START MATERIAL SUPPLIED

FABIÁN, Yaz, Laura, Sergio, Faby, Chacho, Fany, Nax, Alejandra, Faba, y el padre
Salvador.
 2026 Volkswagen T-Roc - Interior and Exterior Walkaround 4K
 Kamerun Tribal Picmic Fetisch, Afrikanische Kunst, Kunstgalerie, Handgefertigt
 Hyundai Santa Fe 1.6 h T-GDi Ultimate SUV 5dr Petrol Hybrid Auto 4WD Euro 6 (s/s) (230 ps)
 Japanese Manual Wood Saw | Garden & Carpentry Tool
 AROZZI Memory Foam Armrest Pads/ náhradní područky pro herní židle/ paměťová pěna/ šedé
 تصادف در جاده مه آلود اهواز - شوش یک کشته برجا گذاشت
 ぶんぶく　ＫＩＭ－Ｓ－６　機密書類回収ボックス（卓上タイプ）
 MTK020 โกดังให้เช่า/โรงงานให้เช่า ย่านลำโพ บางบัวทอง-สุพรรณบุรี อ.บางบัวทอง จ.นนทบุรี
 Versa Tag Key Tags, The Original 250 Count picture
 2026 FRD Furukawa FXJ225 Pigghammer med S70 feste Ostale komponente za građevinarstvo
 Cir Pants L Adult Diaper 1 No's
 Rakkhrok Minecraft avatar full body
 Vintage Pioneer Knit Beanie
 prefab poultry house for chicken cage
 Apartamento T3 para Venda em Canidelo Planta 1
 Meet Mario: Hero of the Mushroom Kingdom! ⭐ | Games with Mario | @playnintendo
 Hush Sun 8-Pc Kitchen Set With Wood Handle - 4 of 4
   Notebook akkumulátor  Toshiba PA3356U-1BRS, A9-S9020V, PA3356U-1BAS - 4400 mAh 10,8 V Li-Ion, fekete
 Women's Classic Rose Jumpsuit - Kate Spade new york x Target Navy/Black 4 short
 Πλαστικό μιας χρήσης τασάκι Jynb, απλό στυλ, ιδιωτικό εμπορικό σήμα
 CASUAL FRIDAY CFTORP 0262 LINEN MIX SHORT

END MATERIAL SUPPLIED

**TRY IT:** The records above need to be transcribed in full. Keep every character unchanged.

**RESPONSE:**
FABIÁN, Yaz, Laura, Sergio, Faby, Chacho, Fany, Nax, Alejandra, Faba, y el padre
Salvador.
 2026 Volkswagen T-Roc - Interior and Exterior Walkaround 4K
 Kamerun Tribal Picmic Fetisch, Afrikanische Kunst, Kunstgalerie, Handgefertigt
 Hyundai Santa Fe 1.6 h T-GDi Ultimate SUV 5dr Petrol Hybrid Auto 4WD Euro 6 (s/s) (230 ps)
 Japanese Manual Wood Saw | Garden & Carpentry Tool
 AROZZI Memory Foam Armrest Pads/ náhradní područky pro herní židle/ paměťová pěna/ šedé
 تصادف در جاده مه آلود اهواز - شوش یک کشته برجا گذاشت
 ぶんぶく　ＫＩＭ－Ｓ－６　機密書類回収ボックス（卓上タイプ）
 MTK020 โกดังให้เช่า/โรงงานให้เช่า ย่านลำโพ บางบัวทอง-สุพรรณบุรี อ.บางบัวทอง จ.นนทบุรี
 Versa Tag Key Tags, The Original 250 Count picture
 2026 FRD Furukawa FXJ225 Pigghammer med S70 feste Ostale komponente za građevinarstvo
 Cir Pants L Adult Diaper 1 No's
 Rakkhrok Minecraft avatar full body
 Vintage Pioneer Knit Beanie
 prefab poultry house for chicken cage
 Apartamento T3 para Venda em Canidelo Planta 1
 Meet Mario: Hero of the Mushroom Kingdom! ⭐ | Games with Mario | @playnintendo
 Hush Sun 8-Pc Kitchen Set With Wood Handle - 4 of 4
   Notebook akkumulátor  Toshiba PA3356U-1BRS, A9-S9020V, PA3356U-1BAS - 4400 mAh 10,8 V Li-Ion, fekete
 Women's Classic Rose Jumpsuit - Kate Spade new york x Target Navy/Black 4 short
 Πλαστικό μιας χρήσης τασάκι Jynb, απλό στυλ, ιδιωτικό εμπορικό σήμα
 CASUAL FRIDAY CFTORP 0262 LINEN MIX SHORT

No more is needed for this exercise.